WHAT YOU HAVE TO DO:
Starting at the top of the entries below, print each line exactly until the line with "Men Green Solid Collar Half Sleeve T-Shirt" has been printed too.

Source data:
##############################
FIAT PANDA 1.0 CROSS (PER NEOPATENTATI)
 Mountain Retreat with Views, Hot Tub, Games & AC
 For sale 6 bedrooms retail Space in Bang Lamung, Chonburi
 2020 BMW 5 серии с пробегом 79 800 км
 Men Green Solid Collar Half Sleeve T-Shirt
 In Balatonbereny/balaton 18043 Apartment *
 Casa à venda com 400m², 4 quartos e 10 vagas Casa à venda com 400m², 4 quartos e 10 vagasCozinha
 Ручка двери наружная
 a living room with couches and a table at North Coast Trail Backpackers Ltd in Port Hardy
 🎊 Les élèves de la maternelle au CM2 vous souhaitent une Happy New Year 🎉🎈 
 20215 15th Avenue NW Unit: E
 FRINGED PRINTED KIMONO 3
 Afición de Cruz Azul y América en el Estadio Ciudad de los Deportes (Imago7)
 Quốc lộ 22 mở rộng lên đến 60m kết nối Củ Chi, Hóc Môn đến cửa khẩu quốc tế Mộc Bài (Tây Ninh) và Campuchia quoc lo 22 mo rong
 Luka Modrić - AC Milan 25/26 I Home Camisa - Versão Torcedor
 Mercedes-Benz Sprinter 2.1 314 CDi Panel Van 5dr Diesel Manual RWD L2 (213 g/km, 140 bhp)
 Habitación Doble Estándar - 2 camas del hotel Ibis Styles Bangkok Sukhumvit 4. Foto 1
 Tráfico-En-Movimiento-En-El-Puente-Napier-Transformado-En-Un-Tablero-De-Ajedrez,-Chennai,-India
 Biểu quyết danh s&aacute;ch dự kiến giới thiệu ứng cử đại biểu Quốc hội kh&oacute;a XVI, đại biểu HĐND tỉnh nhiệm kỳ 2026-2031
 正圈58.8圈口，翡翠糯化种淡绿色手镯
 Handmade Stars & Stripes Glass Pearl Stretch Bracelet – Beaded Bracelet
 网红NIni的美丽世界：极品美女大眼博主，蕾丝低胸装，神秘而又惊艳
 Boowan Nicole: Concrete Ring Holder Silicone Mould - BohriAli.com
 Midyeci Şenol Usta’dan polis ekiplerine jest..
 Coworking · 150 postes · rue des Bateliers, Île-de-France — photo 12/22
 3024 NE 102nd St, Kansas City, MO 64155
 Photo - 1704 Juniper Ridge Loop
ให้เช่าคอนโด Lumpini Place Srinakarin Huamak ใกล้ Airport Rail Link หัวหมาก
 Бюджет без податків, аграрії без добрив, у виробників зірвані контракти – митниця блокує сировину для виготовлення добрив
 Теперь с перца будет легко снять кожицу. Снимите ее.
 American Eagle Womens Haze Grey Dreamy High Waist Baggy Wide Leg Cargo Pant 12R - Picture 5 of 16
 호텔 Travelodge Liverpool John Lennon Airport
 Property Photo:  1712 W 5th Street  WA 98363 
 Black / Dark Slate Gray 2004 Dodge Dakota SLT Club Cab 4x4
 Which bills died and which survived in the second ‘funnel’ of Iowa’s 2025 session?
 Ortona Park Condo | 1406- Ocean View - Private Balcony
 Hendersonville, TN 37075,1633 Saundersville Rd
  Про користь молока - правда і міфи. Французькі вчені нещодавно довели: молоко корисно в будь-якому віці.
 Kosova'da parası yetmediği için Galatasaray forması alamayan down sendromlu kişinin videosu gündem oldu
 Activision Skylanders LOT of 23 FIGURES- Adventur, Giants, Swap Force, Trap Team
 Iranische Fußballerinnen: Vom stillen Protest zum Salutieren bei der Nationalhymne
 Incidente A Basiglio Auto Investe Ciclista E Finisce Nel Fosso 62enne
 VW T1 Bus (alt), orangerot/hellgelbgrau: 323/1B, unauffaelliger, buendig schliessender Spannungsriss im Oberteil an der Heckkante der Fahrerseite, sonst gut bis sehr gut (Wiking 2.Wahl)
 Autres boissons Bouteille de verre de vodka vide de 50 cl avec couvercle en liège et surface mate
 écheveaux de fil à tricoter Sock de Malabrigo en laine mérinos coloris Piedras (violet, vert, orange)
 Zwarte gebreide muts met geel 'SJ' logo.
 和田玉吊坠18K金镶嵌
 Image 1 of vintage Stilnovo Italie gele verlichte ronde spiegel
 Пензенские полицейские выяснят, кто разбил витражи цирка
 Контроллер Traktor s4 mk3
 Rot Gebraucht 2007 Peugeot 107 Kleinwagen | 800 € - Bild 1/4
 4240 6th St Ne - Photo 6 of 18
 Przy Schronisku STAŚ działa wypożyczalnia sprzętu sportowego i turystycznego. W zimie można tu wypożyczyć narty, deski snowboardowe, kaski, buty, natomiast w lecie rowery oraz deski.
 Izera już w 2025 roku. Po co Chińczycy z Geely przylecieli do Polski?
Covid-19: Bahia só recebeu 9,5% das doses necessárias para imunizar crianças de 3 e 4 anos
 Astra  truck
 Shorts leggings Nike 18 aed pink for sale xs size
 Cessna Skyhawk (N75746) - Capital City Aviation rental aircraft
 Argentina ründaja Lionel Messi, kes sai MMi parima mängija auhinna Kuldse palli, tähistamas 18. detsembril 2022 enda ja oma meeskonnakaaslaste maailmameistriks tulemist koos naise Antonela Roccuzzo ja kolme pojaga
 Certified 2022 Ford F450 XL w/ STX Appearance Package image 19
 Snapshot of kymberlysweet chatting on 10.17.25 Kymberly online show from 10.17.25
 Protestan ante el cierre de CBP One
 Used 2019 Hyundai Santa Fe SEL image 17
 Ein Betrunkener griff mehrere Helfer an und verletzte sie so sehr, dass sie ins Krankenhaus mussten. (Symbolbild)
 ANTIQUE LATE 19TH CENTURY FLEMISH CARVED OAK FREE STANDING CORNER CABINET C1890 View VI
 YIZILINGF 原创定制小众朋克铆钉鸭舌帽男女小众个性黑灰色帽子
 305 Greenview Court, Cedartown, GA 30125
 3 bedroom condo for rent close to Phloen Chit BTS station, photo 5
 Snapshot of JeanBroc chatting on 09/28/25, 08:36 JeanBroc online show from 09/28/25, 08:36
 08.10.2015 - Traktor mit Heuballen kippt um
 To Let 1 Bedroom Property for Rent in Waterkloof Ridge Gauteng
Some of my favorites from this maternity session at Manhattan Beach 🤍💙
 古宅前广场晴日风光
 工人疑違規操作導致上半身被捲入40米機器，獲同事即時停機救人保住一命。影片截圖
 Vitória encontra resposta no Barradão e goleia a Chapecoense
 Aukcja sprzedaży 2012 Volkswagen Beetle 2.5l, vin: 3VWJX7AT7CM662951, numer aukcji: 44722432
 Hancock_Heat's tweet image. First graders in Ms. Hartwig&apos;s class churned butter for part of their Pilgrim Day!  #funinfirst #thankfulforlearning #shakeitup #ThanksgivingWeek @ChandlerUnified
##############################
RESPONSE AREA:
FIAT PANDA 1.0 CROSS (PER NEOPATENTATI)
 Mountain Retreat with Views, Hot Tub, Games & AC
 For sale 6 bedrooms retail Space in Bang Lamung, Chonburi
 2020 BMW 5 серии с пробегом 79 800 км
 Men Green Solid Collar Half Sleeve T-Shirt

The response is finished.